Das Wetter meinte es ja in diesem Jahr nicht so gut mit uns, obwohl wir unsere Teller, gefüllt vom reichhaltigen Bufett unseres Hotels, immer ordentlich leergegessen hatten. Zumindest der Morgen unserer letzten Ausfahrt machte ein wenig Hoffnung. Die Sonne schaffte es ein wenig die Temperaturen knapp über dem Nulpunkt vergessen zu machen. Pünktlich zu unserer Abfahrt um 9:30 Uhr schien sie aber ein Blick Richtung Berge zeigte dort dunkle graue Wolken um die total verschneiten Berggipfel. Auch die Hügel Richtung Arta zeigten sich ein Weiss.

In diesem Jahr hatten wir das Glück, ein Begleitfahrzeug zu haben. Mona und Jenny Sophie wollten uns im Auto begleiten, Fotos schiessen und weiteren Support leisten. Da die grosse Inselrunde nicht gefahren werden konnte, wo keine Strasse mehr ist kommt man halt nicht weiter und es sehr kalt war, wollten wir uns von Punkt zu Punkt über den weiteren Streckenverlauf entscheiden. Als erstes sollte es zum Coll de Soller (501m) gehen. Es war relativ windstill und wir kamen bei mässigem Tempo gut voran. Je näher die Berge kamen, umso schlechter wurde das Wetter, es wurde kühler und leichter Regen setze ein. An der Tankstelle kurz vor der Passauffahrt trafen wir Mona und Jenny Sophie.

Wir entschieden, den Pass Richtung Berge nicht zu über- sondern nur hochzufahren und anschliessend gleich zurück Richtung Randa. Die Auffahrt war anstrengend, machte aber Spass.

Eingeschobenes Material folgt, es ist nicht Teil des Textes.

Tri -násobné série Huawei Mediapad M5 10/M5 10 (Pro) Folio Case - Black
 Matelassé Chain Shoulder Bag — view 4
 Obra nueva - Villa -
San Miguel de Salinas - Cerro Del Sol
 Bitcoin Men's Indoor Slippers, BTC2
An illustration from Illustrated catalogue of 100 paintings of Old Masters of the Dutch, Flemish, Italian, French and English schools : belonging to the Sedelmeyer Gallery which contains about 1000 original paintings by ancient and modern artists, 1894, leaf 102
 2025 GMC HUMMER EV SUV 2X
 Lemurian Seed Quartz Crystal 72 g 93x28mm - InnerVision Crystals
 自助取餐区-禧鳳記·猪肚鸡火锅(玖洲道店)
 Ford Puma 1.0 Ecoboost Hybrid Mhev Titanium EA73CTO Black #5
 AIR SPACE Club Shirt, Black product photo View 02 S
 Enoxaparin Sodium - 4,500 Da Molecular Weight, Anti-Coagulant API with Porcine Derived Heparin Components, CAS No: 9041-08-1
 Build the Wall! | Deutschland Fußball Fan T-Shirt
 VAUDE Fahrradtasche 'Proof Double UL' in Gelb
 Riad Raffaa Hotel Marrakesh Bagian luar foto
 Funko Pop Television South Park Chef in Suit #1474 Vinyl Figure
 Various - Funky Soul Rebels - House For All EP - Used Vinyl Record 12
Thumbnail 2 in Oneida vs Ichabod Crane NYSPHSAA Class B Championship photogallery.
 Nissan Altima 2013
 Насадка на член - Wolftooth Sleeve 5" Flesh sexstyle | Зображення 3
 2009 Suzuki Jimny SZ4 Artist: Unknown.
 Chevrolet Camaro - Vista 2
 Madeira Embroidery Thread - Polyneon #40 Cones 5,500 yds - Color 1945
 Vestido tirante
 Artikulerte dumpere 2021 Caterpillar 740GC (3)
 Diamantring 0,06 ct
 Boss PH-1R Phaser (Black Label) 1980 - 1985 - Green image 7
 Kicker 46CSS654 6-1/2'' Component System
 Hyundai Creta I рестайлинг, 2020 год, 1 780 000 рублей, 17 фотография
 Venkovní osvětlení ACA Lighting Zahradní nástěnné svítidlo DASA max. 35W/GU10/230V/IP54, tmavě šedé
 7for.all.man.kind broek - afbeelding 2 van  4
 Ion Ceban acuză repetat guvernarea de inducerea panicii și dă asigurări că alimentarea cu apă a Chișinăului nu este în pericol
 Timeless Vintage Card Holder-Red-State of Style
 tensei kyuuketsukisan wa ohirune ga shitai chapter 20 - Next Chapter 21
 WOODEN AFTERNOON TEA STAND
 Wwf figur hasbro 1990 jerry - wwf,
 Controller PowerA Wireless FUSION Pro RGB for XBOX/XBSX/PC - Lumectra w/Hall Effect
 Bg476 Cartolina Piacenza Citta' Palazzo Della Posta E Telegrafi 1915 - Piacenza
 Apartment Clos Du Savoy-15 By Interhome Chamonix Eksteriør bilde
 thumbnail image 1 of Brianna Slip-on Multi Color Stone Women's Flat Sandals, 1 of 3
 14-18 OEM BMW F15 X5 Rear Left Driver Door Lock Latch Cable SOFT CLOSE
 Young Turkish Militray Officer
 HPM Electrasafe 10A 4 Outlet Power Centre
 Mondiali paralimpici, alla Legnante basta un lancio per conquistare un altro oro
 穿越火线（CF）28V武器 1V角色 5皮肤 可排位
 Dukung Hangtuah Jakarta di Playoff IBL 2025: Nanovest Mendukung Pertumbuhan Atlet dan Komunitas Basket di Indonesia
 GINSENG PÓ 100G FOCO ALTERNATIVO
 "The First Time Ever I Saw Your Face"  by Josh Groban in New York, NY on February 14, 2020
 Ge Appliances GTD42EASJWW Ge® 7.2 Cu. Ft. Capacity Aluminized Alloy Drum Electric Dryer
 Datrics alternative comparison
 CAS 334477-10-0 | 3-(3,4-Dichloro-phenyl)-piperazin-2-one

Oben war es sehr kühl und der weitere Weg in die Berge sah nicht so gut aus, dunkle Regenwolken hingen zwischen den Bergen. Wir machten uns an die Abfahrt und fuhren weiter Richtung Randa. Die Strasse war gut, der Wind kam eher von hinten, wir kamen gut voran. Aber auch dort das "Phänomen", je "höher" wir kamen, deste schlechter das Wetter und am Fuss des Randa Cura (543) nieselte es mal ganz kurz. Am Aufstieg herrschte Reger Radlerverkehr. Viele nutzten den Berg zum Training. Trotz schwerer Beine kamen wir gut voran, Lutz merkte seinen 23km Lauf vom Vortag doch mehr und musste Sören alleine fahren lassen. Auf dem anschliessenden Weg Richtung Hotel wurde das Wetter besser, die Sonne kam sogar mal raus, trotzdem waren alle wieder froh, nach gut 160 gefahrenen Kilometern endlich unter die heisse Dusche zu können.

Am Samstag erreicht eine weitere Delegation mit VERO-Skatern die Insel und wird weiter berichten.